Nous connaissons tous l’adage : l’Europe régule, l’Amérique innove et la Chine imite. Eh bien, cet adage ne correspond plus à la réalité. En effet, l’Européen est sous le charme du rapport Draghi, l’Américain de la guerre tarifaire volatile, et le Chinois ne fait plus confiance à tout cela et épargne.

L’Europe dérégule. Dans le sillage du rapport Draghi, la Commission européenne a lancé son “omnibus”, métaphore du train qui s’arrête partout et qui fait référence à l’opération de grande envergure lancée en Europe visant à passer en revue toutes les lois et directives pour voir si elles peuvent être simplifiées et/ou si leur champ d’application peut être restreint. Attention, il s’agit d’une simplification. Le mot dérégulation reste pour l’instant tabou. Exemples : le respect des valeurs européennes ne doit plus être contrôlé chez les sous-traitants, le rapport de durabilité n’est plus requis pour les PME, etc. Étrangement, les enquêtes montrent que la grande majorité des entreprises sont mécontentes de ces simplifications. Probablement les mêmes qui – à juste titre selon moi – se plaignaient de la sur-réglementation européenne…

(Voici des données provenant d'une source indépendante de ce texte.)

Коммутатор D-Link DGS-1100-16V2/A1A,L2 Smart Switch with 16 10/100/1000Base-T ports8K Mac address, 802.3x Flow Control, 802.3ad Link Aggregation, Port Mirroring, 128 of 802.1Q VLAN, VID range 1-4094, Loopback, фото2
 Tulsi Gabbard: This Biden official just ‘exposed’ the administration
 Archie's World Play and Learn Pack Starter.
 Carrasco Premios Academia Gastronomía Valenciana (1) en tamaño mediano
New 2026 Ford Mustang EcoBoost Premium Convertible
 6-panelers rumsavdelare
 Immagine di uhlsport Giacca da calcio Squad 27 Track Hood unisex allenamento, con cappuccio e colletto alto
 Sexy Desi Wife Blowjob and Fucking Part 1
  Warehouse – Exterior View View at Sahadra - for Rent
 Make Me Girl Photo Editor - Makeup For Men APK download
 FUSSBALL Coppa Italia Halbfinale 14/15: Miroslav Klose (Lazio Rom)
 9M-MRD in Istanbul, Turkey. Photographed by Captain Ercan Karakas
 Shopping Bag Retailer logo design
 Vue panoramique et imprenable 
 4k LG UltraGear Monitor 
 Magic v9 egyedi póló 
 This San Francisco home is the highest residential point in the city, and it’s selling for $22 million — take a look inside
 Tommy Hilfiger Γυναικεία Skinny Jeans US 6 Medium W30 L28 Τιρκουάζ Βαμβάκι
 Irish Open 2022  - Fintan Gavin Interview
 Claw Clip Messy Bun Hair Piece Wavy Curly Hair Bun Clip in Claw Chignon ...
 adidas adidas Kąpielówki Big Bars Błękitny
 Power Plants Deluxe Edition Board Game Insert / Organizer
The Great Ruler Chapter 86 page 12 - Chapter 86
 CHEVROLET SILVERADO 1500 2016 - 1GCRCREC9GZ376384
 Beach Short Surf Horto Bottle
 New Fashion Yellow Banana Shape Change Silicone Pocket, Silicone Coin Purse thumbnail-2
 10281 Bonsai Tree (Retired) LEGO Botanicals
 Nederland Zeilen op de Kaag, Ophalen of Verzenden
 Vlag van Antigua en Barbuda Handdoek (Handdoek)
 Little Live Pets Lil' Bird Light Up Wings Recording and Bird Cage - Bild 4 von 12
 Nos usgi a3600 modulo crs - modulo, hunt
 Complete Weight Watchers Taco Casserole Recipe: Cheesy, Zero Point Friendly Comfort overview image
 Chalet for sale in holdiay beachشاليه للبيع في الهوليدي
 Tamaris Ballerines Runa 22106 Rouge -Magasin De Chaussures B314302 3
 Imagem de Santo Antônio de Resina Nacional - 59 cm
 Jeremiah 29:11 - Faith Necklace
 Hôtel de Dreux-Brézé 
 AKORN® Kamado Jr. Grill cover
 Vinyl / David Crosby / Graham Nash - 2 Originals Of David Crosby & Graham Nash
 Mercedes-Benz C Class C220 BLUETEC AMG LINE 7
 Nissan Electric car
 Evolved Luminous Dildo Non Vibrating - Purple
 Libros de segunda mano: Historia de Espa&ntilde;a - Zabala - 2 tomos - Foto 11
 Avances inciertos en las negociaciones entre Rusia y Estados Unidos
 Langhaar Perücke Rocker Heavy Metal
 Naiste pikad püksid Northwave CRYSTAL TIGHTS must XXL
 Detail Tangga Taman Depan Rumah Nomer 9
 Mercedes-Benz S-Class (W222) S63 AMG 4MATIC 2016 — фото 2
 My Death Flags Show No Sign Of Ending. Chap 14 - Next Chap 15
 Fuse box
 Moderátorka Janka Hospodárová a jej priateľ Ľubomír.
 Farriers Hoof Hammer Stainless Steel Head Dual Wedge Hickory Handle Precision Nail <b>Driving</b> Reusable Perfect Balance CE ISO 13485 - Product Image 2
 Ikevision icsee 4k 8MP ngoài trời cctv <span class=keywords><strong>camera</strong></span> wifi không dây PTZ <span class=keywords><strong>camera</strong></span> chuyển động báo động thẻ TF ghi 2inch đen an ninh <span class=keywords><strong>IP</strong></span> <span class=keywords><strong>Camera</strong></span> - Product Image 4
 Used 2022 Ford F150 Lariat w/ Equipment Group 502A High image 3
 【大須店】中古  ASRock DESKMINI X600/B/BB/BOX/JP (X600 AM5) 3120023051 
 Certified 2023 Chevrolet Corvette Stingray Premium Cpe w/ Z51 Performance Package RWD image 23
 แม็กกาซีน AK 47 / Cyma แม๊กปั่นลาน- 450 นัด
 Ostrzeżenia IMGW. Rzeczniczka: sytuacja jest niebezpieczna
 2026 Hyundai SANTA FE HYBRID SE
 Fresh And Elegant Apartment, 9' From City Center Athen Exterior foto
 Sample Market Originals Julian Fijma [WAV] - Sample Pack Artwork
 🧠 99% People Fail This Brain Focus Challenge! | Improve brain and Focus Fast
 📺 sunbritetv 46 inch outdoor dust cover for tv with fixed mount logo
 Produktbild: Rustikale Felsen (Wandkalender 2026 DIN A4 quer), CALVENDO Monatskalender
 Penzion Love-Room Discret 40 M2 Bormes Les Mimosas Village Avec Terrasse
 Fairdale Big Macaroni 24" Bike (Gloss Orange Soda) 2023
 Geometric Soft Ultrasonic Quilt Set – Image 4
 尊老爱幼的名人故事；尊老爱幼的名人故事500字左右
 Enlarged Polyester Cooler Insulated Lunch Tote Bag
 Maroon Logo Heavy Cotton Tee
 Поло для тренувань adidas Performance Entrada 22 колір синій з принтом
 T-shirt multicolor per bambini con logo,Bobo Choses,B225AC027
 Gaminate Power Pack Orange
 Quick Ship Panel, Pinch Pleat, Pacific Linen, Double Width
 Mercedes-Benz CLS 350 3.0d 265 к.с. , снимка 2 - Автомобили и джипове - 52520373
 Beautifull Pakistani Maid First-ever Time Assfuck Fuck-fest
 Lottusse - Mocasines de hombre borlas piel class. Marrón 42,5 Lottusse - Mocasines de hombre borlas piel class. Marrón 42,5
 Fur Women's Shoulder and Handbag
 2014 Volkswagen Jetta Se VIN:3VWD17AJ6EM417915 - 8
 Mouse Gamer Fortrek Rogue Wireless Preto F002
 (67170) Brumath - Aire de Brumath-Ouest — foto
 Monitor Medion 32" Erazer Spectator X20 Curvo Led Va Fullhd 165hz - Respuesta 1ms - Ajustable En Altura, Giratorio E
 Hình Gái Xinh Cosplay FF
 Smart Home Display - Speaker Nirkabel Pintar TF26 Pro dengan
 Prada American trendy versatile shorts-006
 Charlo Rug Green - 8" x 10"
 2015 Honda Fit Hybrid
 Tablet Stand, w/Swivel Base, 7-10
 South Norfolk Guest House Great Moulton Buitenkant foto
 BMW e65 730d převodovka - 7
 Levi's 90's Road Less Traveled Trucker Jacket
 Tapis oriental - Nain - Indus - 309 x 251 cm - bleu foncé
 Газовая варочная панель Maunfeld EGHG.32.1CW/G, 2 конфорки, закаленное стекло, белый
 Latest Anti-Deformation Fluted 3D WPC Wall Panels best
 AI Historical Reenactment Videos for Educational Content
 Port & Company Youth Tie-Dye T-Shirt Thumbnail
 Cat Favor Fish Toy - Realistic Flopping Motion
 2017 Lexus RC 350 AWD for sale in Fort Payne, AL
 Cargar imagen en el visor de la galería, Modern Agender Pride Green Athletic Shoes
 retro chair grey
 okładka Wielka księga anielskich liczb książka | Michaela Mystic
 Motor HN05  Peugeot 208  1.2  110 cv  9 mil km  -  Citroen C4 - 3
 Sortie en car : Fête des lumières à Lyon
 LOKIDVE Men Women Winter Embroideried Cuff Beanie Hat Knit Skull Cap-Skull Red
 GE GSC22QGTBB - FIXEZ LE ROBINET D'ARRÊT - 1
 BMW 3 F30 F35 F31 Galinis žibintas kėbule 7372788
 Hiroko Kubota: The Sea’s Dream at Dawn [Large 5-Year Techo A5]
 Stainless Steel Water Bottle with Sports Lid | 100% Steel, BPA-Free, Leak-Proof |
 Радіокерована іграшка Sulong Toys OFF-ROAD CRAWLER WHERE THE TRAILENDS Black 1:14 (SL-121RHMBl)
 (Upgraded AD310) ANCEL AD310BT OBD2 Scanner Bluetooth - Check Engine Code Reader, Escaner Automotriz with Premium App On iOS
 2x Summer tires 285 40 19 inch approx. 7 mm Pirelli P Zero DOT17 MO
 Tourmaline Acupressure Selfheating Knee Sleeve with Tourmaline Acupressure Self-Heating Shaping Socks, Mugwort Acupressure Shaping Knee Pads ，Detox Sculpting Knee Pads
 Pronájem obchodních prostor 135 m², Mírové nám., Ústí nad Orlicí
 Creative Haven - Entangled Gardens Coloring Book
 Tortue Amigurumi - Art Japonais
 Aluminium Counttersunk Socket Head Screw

L’Amérique tarifie, alors qu’elle était autrefois une fervente défenseure du libre-échange. Le Canada, le Mexique, la Chine et l’Europe sont tour à tour pris pour cibles. À chaque fois de la même manière. D’abord, vanter de lourds tarifs, puis, temporairement, conclure un accord sur des droits de douane plus bas. Les tarifs devraient générer des recettes pour le Trésor. On oublie cependant que ceux-ci sont inflationnistes et freinent la croissance. Plusieurs études montrent que l’introduction de tarifs touche surtout l’économie américaine. Dans le pire des cas, les bénéfices des entreprises pourraient chuter de 47%. Et l’Américain moyen perdre 2.800 dollars de pouvoir d’achat par an à cause de l’inflation induite.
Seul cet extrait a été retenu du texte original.